In the entire state of Pennsylvania, about 81,000 elderly residents live in over 700 nursing homes. In previous years, the majority of Pennsylvania nursing care facilities have earned at least three stars or higher, with over 170 of the state’s homes being awarded five stars from the Centers for Medicare and Medicaid.

Changes to the scoring system and the way that health care is measured raised more than a few concerns in the past two years, and in 2015, the Pennsylvania Attorney General’s office took a closer look at many of the nursing care facilities in the state.

Increased Fines and New Reporting Methods

In the first half of 2015, fines faced by nursing facilities for unmet health and safety standards more than tripled, making them the highest fines ever levied against Pennsylvania nursing homes since 2009. This is largely due to a 36-facility lawsuit brought against Golden Living Centers, as well as evidence that almost none of the cases of alleged sexual and physical abuse ever resulted in criminal charges.
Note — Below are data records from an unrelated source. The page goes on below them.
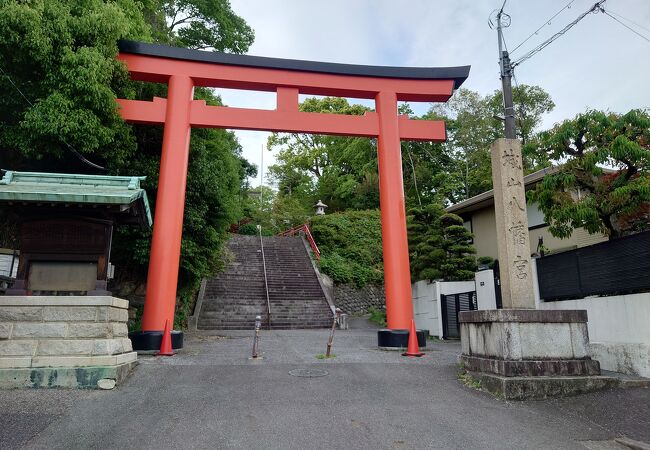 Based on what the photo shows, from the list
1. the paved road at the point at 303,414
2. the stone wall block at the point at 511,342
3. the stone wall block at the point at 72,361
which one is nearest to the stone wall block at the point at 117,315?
the stone wall block at the point at 72,361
In addition to enforcing more fines for Pittsburgh nursing homes not providing adequate healthcare and safety routines, the Attorney General’s office also took steps to make it easier for Pittsburgh citizens to report suspicions of elder abuse. Pennsylvania is one state of a few that require facility employees or management staff to report to authorities immediately if abuse or neglect is suspected. But the fear of retribution or being charged with crimes themselves held many people back from reporting.
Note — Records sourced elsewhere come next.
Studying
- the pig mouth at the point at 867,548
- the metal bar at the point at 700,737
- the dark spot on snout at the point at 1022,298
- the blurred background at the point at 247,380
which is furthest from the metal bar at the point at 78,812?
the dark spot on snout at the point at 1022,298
The Attorney General set up an anonymous reporting system that is manned 24 hours a day by Department of Aging counselors. Anyone who calls in can choose to remain anonymous, and is granted freedom from any criminal liability regarding the case of suspected elder abuse.

Veteran Home Cited

In early 2016, a Pittsburgh nursing home for veterans was cited by the state for two known cases of elder abuse involving the criminal act of confinement.

In one case, a patient remained in leg restraints for over five months without the mandatory 30-day assessments that could have shown he was ready to be released from restraints. Pennsylvania state law declares that any resident in a nursing home facility has the right to refuse restraints if they are not for an immediate medical need.
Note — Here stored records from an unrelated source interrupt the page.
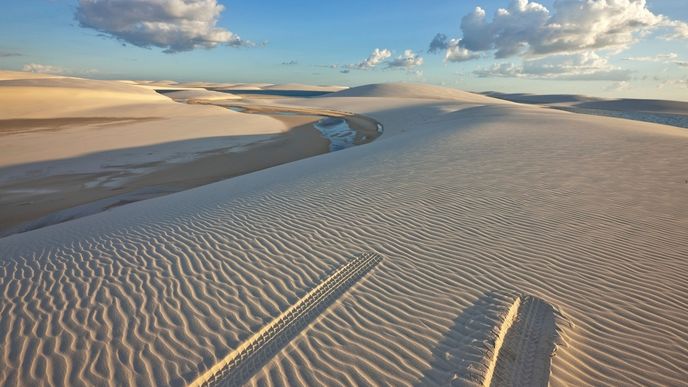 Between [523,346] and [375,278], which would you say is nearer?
[523,346]

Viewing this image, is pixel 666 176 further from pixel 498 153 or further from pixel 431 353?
pixel 431 353

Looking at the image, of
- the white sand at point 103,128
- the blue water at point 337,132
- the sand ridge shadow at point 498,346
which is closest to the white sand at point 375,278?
the sand ridge shadow at point 498,346

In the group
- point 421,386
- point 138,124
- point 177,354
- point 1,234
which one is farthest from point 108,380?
point 138,124

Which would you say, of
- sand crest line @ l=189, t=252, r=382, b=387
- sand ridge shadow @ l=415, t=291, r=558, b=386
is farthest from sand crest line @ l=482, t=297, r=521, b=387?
sand crest line @ l=189, t=252, r=382, b=387

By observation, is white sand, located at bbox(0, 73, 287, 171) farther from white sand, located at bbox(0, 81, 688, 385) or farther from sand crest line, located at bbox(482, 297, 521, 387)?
sand crest line, located at bbox(482, 297, 521, 387)

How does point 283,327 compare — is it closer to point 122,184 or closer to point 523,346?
point 523,346

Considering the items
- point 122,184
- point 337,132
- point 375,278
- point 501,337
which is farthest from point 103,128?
point 501,337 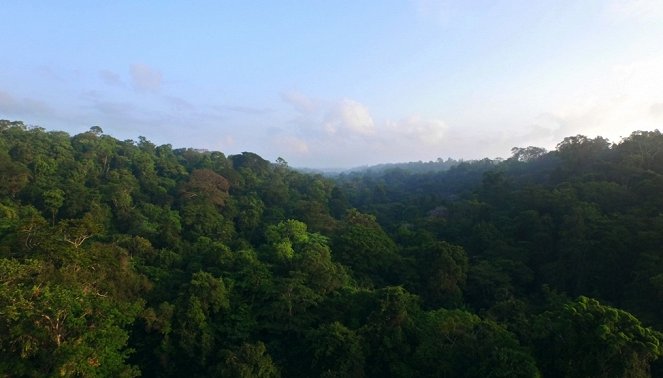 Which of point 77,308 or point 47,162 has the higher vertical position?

Another case from a year earlier showed that in the same Pittsburgh facility, a resident was kept in a seatbelt restraint in a wheelchair for over a year, and had only a single required monthly assessment during that time. There are only six state-run facilities for veteran care in the sate, and other findings have showed a failure to keep proper medical records of patients in these facilities.

An inspection by the Medicare and Medicaid program employees also revealed that carts of medicine were routinely left unlocked and unsupervised in areas where residents could access them.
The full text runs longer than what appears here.